I think they call it "wall bond" or something like that? I would say good practice and not required by code for the most part. Kind of like mesh (WWM) in concrete slabs rarely required by code (if ever) but almost always done. I think the only reinforcement the code recognizes is rebar.


----------



## north star (May 20, 2016)

*@ = @*


jtom,

Lot's of questions to consider in your OP.
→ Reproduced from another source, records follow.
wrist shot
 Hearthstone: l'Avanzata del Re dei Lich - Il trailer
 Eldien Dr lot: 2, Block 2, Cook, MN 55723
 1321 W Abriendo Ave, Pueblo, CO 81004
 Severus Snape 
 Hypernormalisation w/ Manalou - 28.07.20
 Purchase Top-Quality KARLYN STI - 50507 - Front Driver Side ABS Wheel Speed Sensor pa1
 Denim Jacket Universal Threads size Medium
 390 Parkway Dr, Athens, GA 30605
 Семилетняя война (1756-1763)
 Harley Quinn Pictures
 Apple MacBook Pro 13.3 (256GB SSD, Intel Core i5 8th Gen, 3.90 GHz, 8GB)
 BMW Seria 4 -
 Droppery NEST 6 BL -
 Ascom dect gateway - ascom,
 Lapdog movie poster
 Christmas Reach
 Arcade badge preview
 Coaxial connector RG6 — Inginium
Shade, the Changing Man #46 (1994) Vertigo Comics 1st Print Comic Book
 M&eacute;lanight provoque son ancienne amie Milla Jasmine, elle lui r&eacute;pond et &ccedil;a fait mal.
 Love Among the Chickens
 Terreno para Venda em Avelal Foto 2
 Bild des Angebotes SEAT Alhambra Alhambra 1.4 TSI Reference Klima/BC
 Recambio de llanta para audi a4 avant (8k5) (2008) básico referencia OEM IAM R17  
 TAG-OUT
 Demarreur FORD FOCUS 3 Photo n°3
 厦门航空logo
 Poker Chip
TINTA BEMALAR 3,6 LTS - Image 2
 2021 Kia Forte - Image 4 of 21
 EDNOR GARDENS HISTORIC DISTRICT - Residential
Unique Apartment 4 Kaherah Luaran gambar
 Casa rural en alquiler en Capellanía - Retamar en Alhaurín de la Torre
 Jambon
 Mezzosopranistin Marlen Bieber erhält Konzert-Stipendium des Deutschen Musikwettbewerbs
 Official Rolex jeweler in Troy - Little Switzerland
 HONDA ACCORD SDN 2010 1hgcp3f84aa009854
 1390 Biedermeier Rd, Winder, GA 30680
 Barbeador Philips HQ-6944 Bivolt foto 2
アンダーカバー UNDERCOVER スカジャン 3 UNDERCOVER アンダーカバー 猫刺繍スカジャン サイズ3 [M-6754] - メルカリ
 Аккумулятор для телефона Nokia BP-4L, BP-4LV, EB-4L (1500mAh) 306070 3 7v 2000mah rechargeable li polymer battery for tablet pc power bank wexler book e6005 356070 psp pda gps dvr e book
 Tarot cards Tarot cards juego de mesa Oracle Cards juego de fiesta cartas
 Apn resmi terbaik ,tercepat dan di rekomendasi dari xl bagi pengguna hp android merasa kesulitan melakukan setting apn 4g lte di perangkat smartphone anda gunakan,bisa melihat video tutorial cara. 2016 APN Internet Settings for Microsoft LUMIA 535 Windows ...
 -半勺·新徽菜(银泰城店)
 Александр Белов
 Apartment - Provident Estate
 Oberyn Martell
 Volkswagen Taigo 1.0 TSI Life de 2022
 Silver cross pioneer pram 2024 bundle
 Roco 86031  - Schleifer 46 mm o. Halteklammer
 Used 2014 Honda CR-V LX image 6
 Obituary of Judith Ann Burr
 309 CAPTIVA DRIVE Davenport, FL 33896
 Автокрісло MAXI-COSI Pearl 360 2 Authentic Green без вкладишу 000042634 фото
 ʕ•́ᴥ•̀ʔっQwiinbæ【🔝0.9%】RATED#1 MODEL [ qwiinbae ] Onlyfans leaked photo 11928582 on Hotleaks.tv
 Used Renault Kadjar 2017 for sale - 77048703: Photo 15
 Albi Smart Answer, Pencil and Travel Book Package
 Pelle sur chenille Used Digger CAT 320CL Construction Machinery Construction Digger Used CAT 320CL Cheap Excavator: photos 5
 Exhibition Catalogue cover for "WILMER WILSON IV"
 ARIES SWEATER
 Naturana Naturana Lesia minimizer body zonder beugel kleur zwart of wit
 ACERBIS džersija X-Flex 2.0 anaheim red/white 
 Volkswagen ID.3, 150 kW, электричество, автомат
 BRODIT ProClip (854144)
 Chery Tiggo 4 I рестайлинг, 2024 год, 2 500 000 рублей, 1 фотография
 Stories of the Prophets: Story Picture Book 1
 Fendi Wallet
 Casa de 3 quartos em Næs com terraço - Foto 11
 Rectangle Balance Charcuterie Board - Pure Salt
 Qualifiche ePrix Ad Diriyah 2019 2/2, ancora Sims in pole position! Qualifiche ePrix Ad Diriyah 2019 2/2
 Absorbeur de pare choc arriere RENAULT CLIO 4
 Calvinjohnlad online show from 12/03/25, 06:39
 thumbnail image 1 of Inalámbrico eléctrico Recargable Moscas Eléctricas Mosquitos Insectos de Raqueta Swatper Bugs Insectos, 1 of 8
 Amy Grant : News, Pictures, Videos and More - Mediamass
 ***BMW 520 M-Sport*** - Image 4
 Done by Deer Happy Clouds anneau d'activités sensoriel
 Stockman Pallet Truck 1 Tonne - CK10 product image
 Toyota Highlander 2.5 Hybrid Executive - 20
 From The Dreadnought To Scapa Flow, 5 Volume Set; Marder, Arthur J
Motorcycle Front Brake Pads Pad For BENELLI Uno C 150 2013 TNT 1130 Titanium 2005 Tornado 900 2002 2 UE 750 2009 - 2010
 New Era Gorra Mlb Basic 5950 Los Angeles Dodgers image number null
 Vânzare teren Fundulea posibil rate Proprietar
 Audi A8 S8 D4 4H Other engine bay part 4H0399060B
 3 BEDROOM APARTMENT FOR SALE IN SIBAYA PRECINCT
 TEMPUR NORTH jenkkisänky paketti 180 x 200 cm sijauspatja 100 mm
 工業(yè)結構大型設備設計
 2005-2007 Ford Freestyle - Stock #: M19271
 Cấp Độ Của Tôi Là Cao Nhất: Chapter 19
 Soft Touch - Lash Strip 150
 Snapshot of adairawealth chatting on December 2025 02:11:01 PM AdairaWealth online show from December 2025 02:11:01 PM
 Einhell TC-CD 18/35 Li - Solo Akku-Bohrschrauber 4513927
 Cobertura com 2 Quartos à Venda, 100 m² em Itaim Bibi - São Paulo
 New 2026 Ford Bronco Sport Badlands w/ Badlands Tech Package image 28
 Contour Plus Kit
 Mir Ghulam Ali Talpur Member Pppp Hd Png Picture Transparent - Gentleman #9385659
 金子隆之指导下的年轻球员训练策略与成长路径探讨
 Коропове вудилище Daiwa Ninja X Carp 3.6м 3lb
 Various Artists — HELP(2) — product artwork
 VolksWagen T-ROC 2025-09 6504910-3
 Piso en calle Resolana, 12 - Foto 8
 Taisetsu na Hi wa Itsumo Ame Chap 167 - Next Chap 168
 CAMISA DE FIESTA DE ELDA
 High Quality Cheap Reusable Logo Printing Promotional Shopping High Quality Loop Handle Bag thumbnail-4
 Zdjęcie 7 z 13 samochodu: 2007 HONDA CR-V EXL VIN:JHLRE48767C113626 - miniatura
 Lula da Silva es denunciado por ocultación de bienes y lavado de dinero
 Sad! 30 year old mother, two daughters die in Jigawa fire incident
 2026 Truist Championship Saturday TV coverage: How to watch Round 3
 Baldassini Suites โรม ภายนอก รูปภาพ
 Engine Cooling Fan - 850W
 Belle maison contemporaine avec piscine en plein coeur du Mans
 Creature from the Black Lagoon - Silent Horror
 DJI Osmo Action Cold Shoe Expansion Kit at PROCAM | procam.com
In the Commercial & Residential categories, there
is consideration for Shear Walls, Design Category,
Seismic Category, etc.

In the IBC, `15 Edition, refer to Section 2103.4 &
Section 2104.........Section 2104 also references the
TMS 602/ACI 530.1/ASCE 6..........Also, TMS 402.
Here is a link to the TMS 402 document........Start
in Section 6.1
*http://www.masonrysociety.org/msjc/2013_forms/msjc_proposed_revisions_through_november_28_2012-public_comment_version.pdf*

In the `15 IRC, refer to Section R606.13.2.3:
*http://codes.iccsafe.org/app/book/content/2015-I-Codes/2015%20IRC%20HTML/Chapter%206.html*


*@ = @*


----------



## my250r11 (May 20, 2016)

The code refers you to the ACI 530 for masonary like it does the ACI 318 for concrete.


----------



## my250r11 (May 20, 2016)

BTW IMO if it is retaining any kind of fill it should be engineered and he will have to find that info.


----------



## Mark K (May 20, 2016)

In many cases the horizontal reinforcement can either be supplied by joint reinforcement or by rebar in bond beam units.


----------



## Paul Sweet (May 24, 2016)

The National Concrete Masonry Association has their TEK manual of design references on-line.  While they aren't code, they reference the codes and are kept up to date.  Chapter 12 covers reinforcement. 

http://ncma-br.org/e-tek_chapter-nbs.asp?id=12


----------